Sébastien Ross dit avoir le même enjeu d’approvisionnement futur en électricité, même si Rio Tinto exploite six ouvrages hydroélectriques au Saguenay–Lac-Saint-Jean qui permettent actuellement de répondre de 90 à 95% aux besoins énergétiques de ses alumineries.
«Si on va dans un mode de croissance, il va falloir avoir accès à des blocs énergétiques additionnels, et ça va être fort probablement à travers la technologie Élysis. Et là, je pense qu’on atteint des objectifs communs du Québec et de Rio Tinto de décarbonation avec ces blocs additionnels», a-t-il souligné, en rappelant que les projets d’investissement dans le secteur de l’aluminium sont souvent planifiés sur une période de 50 ans.
À terme, la technologie Élysis — développée par Alcoa, Rio Tinto et Apple — permettra de produire de l’aluminium au Québec sans émettre aucune émission de gaz à effet de serre (GES).

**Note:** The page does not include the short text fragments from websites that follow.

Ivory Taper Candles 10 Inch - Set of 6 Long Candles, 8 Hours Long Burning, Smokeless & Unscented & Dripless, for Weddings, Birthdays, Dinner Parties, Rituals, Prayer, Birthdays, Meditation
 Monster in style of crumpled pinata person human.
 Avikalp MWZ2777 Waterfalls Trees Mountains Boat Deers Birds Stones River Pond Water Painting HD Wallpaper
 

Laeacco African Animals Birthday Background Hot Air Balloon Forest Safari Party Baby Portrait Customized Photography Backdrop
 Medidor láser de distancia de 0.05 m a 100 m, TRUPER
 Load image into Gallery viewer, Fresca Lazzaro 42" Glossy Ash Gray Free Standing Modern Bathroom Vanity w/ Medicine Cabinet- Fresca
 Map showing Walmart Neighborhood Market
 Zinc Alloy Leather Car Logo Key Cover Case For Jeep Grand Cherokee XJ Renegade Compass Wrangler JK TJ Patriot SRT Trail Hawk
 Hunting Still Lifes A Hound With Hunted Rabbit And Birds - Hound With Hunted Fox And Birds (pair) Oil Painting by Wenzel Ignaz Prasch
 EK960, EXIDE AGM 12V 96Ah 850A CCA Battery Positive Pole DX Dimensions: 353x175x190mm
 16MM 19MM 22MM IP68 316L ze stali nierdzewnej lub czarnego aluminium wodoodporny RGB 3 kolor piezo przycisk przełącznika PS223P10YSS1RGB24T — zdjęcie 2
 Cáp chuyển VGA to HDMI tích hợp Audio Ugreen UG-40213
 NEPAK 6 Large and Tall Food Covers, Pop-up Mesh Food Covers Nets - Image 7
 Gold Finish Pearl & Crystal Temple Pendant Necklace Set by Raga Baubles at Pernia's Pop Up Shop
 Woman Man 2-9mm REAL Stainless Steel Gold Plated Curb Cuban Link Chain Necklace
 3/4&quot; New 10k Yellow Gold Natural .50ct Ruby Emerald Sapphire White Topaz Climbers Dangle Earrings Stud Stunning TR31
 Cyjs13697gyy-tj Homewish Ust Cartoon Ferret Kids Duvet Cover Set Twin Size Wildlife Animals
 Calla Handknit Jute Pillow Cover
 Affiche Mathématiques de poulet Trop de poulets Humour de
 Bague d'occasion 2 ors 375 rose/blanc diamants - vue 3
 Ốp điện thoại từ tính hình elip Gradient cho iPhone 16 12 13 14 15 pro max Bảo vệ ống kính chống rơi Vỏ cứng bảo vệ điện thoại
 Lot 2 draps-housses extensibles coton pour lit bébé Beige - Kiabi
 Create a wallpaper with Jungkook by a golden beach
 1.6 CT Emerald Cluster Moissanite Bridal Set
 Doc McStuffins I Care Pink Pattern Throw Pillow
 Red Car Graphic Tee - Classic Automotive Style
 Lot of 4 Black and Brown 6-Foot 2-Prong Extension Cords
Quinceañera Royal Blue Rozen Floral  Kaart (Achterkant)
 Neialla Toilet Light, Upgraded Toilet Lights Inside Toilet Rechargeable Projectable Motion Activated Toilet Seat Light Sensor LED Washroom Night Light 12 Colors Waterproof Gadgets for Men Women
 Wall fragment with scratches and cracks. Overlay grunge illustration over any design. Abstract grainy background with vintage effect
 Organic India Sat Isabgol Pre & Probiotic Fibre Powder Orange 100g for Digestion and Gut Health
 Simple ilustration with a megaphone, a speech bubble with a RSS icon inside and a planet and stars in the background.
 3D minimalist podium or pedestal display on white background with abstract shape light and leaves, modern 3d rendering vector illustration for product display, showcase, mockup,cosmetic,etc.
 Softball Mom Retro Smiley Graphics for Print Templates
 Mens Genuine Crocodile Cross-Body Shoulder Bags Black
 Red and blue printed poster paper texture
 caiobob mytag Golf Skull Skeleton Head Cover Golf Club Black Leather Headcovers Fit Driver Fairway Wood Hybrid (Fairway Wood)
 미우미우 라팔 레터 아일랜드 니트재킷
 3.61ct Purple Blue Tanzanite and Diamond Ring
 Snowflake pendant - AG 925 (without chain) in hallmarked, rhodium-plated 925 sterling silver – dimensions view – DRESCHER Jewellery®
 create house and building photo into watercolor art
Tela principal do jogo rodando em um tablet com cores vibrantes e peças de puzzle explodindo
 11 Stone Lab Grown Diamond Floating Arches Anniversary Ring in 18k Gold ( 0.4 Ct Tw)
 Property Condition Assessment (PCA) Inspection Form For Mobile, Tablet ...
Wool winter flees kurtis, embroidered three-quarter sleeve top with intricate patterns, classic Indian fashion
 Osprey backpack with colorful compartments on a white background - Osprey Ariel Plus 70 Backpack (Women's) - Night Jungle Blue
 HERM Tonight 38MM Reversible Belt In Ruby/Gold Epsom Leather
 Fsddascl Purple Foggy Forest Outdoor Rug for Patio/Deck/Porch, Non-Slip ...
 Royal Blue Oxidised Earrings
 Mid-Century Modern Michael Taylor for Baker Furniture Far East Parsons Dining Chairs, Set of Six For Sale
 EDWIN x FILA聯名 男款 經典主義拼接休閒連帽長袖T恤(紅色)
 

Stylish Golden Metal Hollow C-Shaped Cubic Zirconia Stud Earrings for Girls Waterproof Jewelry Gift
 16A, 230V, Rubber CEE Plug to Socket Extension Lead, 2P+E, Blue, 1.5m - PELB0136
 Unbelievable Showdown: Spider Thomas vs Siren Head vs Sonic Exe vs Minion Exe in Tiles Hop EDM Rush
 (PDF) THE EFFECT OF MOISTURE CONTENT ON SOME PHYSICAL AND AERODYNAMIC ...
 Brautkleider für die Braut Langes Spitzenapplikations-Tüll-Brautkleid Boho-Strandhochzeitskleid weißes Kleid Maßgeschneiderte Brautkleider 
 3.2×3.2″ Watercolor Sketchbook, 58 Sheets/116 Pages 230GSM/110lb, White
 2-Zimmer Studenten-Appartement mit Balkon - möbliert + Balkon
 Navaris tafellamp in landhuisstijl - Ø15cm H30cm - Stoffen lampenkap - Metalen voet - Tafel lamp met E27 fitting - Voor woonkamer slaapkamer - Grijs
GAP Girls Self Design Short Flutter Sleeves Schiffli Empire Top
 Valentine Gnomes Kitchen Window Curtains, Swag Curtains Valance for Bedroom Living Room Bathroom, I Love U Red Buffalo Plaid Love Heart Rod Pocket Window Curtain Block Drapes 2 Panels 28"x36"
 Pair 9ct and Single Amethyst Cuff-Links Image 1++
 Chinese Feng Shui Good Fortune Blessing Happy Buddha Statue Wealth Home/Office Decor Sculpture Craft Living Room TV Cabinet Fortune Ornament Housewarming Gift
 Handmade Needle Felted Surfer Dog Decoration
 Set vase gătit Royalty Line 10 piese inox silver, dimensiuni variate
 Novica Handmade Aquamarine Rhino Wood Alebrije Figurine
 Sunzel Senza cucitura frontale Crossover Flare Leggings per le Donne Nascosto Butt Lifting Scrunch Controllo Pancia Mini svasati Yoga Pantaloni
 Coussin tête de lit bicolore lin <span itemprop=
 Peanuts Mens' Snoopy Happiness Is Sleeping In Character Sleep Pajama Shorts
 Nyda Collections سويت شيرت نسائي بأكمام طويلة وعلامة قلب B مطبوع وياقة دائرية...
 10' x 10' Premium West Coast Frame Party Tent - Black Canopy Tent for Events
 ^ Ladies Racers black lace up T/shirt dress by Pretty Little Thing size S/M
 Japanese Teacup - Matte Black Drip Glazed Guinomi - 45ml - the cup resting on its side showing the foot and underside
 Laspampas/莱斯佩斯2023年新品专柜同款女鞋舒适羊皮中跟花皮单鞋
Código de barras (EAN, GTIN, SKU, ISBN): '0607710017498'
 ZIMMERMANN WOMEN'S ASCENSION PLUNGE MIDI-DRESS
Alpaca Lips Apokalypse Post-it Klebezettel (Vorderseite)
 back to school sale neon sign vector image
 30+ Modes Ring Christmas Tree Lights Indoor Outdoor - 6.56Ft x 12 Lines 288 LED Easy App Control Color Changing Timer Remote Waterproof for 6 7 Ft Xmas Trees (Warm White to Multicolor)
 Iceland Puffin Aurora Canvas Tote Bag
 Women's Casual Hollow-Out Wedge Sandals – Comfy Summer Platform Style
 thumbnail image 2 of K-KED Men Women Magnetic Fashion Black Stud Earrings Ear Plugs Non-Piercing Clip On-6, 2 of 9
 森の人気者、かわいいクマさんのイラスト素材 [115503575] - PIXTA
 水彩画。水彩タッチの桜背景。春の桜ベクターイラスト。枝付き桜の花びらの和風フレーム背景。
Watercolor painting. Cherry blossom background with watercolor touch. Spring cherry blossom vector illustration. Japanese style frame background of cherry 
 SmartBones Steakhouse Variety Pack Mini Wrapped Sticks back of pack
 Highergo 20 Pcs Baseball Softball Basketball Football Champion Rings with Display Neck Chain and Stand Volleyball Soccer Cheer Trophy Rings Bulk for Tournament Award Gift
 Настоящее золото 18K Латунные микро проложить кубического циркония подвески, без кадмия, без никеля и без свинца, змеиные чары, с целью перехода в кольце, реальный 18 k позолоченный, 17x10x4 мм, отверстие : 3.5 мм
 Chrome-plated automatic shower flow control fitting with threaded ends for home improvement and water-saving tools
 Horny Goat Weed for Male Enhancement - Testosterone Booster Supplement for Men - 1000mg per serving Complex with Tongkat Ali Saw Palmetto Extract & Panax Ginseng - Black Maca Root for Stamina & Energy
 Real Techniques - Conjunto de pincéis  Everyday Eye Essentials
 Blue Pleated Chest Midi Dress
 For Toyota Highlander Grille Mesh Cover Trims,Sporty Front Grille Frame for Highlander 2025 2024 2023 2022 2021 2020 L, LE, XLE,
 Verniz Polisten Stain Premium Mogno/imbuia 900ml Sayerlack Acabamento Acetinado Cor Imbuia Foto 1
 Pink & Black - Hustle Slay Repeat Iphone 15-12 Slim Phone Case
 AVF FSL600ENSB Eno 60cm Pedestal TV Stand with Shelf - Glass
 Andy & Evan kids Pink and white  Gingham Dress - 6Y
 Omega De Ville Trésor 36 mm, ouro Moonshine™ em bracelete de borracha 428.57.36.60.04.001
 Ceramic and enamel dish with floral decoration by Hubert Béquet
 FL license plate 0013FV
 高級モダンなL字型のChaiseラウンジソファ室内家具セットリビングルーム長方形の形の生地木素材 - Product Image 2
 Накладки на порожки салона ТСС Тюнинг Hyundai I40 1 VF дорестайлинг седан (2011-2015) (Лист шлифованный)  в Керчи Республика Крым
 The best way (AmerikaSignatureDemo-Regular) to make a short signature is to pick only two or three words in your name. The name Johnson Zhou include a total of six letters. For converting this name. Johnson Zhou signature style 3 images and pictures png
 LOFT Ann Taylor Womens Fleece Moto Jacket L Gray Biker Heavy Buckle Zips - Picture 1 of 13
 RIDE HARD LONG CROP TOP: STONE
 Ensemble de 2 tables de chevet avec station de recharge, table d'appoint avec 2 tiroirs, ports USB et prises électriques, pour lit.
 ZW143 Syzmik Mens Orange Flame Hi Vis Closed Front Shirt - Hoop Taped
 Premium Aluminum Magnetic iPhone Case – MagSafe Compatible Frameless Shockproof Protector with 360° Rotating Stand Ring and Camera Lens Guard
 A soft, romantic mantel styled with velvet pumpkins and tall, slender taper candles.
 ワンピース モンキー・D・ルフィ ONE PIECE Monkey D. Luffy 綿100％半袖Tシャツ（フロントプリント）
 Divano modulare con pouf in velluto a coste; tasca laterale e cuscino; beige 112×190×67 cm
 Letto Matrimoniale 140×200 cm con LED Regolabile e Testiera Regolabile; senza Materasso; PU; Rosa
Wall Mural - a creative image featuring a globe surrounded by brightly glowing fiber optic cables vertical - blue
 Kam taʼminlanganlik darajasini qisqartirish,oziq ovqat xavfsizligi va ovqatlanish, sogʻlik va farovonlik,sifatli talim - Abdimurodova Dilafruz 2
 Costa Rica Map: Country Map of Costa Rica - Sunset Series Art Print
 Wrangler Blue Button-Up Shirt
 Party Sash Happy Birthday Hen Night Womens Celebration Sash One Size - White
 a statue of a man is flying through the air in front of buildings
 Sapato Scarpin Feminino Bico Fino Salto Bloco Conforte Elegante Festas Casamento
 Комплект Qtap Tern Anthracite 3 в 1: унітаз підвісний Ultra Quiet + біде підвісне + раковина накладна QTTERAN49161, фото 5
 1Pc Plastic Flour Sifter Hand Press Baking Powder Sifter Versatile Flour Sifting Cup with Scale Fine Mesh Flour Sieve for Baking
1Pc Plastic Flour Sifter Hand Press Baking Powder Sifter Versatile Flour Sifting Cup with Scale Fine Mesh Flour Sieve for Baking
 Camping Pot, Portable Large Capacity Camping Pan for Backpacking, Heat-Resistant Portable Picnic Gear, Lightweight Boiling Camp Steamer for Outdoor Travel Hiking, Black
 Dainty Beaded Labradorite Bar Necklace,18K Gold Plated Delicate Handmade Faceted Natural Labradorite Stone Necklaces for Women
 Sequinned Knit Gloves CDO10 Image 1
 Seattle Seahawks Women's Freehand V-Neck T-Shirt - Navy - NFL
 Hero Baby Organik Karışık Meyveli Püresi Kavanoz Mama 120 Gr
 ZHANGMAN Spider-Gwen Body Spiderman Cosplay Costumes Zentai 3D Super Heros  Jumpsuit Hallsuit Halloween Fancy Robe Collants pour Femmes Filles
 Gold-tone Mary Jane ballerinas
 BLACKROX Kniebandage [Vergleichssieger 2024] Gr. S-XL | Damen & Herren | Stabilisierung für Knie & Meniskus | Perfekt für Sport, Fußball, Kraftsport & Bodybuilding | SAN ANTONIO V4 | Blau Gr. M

Actuellement, malgré leur approvisionnement en hydroélectricité, les alumineries dans la province émettent environ deux tonnes de GES par tonne d’aluminium produite, et ce, en raison de leur procédé industriel.
Le niveau optimal des prix de l’électricité
Interrogé en point de presse sur le niveau de prix de l’électricité à partir duquel les alumineries ne pourraient plus investir au Québec, Louis Langlois a mentionné que les prix ne doivent pas dépasser la médiane des prix facturés à l’ensemble des alumineries dans le monde.
Contrairement à un prix moyen, un prix médian permet de mesurer une tendance, mais sans être influencé par des valeurs extrêmes.
Jean Simard souligne que les alumineries au Québec ne sont pas en compétition avec le prix de l’électricité en vigueur dans les principales villes américaines (comme le présente souvent Hydro-Québec), mais bel et bien avec la compétition qui n’est pas située aux États-Unis.
«Nous, il faut qu’on se compare avec des régions comme le Moyen-Orient et la Norvège, la vraie compétition», a-t-il dit.
Non seulement il faut des prix de l’électricité compétitifs, mais il faut aussi une structure de prix qui s’ajustent aux aléas du marché, a renchéri Jean Simard.
Aussi, quand les conditions sur le marché se détériorent (par exemple, une chute du prix mondial de l’aluminium), le prix de l’électricité facturé aux alumineries du Québec doit baisser. En revanche, quand ces conditions s’améliorent (par exemple, une hausse du prix de l’aluminium), le prix de l’électricité peut alors augmenter.
C’est la structure actuelle de prix que l’industrie souhaite voir perdurer au Québec.